なんとなく、欠けていたものが満ちたような感覚だった。

 その反動か夜は涙が止まらなくなってしまい、気が済むまで泣いて、泣き疲れて、眠った。そして瞼を腫らしている、いま。白湯を飲み、炬燵に潜り、薬を飲み、猫と戯れながら日記を書いている。


 昨日、運転している時に橋を渡ったのだけれど、川の下流側から白鷺と水鳥の両方が飛び立ち、橋のうえを飛び越えているところに遭遇した。水鳥の群れと白鷺の群れが空の上段下段に別れ、同じ方向へ飛ぶ姿がとても綺麗で、白鷺は特に橋のギリギリを飛び越えて行ったのでとても近くにみえた。青空に白がよく映え、うつくしくて、それだけでも泣きそうになった。
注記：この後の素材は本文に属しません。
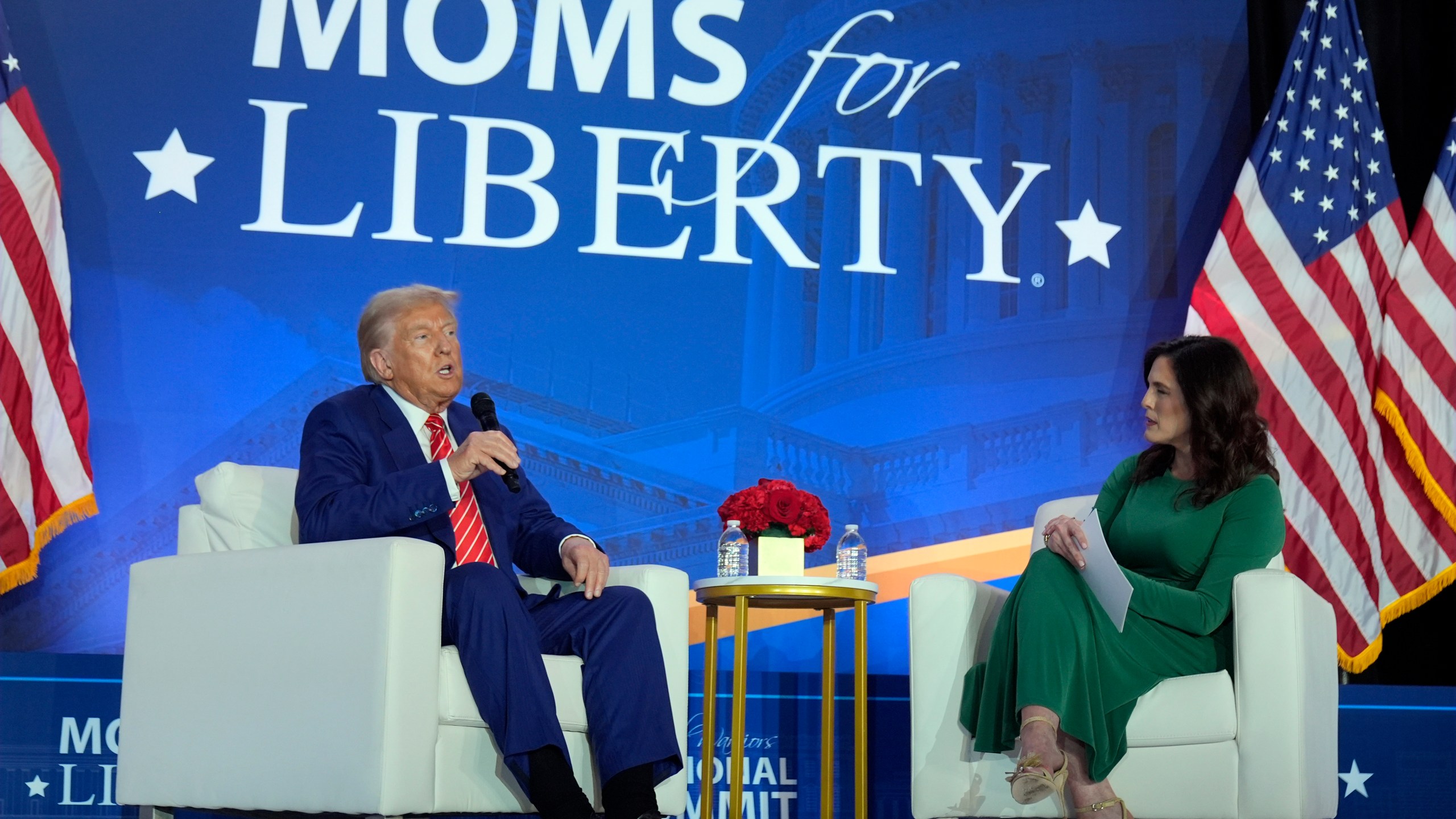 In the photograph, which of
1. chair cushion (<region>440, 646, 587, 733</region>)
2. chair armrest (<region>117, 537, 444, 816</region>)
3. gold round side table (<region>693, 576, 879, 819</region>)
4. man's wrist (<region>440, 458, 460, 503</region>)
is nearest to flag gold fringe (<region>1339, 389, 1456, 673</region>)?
gold round side table (<region>693, 576, 879, 819</region>)

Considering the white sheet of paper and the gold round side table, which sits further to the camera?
the gold round side table

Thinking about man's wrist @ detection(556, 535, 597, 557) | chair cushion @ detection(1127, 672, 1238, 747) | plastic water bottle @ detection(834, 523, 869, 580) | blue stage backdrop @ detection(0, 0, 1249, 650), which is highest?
blue stage backdrop @ detection(0, 0, 1249, 650)

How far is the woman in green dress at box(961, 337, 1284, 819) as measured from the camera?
2654 mm

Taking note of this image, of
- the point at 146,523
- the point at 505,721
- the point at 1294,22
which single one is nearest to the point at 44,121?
the point at 146,523

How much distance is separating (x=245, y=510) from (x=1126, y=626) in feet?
6.02

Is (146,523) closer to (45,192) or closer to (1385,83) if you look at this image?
(45,192)

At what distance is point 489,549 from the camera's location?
2.99 m

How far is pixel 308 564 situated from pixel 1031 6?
324 centimetres

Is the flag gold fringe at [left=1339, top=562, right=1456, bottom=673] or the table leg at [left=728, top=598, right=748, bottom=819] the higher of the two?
the flag gold fringe at [left=1339, top=562, right=1456, bottom=673]

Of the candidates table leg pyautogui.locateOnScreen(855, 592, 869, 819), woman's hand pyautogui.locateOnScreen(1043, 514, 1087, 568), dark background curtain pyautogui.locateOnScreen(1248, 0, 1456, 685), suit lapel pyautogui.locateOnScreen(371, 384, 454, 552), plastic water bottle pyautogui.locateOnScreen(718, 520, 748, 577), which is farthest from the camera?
dark background curtain pyautogui.locateOnScreen(1248, 0, 1456, 685)

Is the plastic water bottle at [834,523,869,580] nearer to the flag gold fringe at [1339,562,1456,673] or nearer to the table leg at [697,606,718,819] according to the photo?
the table leg at [697,606,718,819]

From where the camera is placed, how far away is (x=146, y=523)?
4.02 meters

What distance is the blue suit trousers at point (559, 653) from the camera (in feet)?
8.20

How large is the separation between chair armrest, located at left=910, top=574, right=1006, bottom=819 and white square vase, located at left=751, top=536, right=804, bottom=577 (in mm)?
544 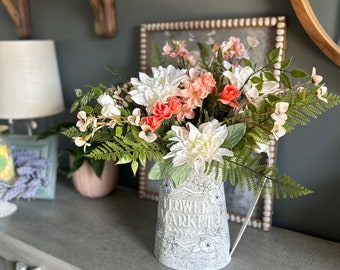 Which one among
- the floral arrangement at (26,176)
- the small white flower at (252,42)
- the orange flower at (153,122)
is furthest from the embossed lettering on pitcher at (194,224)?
the floral arrangement at (26,176)

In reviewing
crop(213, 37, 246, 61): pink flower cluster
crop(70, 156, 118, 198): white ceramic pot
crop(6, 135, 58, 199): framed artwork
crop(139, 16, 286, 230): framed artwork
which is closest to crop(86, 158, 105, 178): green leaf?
crop(70, 156, 118, 198): white ceramic pot

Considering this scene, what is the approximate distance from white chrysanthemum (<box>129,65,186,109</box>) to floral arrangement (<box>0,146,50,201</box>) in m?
0.59

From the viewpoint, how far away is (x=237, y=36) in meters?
1.00

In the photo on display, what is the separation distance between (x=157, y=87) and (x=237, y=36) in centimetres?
36

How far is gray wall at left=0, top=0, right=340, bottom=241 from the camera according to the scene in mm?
951

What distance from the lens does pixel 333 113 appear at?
37.0 inches

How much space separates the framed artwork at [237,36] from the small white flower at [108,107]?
11.7 inches

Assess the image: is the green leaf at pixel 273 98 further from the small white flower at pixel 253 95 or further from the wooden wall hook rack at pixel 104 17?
the wooden wall hook rack at pixel 104 17

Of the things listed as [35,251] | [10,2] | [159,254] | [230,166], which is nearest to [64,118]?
[10,2]

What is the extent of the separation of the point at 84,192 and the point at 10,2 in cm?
74

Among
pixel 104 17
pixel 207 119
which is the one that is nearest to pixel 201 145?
pixel 207 119

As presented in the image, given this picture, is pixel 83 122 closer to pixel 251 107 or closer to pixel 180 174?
pixel 180 174

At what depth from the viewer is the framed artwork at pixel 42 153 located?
1.23 metres

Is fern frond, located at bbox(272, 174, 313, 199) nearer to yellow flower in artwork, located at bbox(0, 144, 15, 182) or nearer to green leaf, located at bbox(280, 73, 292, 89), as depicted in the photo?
green leaf, located at bbox(280, 73, 292, 89)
彼らは橋をまたいで川の上流に向かっていったのだけど、飛び立ったところから降り立ったところの距離は1キロもないようにみえたが、水鳥も白鷺もどうしてもそこへ行きたかったのだろう。降り立った場所でも水鳥の群れと白鷺の群れは付かず離れずの距離で固まっており、水鳥は浮き、白鷺は川の中で突き出ている岩に止まっていた。橋の下を潜るということは思いつかなかったのだろうか。それとも飛んでみたくなったから飛んだのだろうか。


 写真を撮ることは出来なかったから、瞳のシャッターを押しまくった。本当に美しかった。 でも鳥たちは己の羽ばたく姿がうつくしいと思って飛んでいなくて、ありのままに飛んでいるだけだというのに、私の心は震えていたし、いつかわたしが死んで霊体にでもなれたら、こうやって橋の上を飛んでみたいとすら思った。

 感動しても泣いてしまう私の感性は、少なからずまだ死んでいないのだと思うと安心した。


 そうして昨日は家族と出かけた先で本屋により、リチャード・ブローティガンの『西瓜糖の日々』を買った。最近、TwitterのTLでよくみかける。もともとブローティガンのことはすきで、『愛のゆくえ』が好きなのだけど、ほかの作品を読んだことがなかったのでこれを機に読もうと思う。

『愛のゆくえ』も、内容は少しヘビーだけど本当にいい作品なので、ぜひ読んでみてほしい。


 明日はやっと心理相談ができるので、今日は焦らずゆっくり過ごすことにする。思いついた言葉をメモするだけで一日が終わりそうだ。

ダメダメな日も愛せるようになりたい。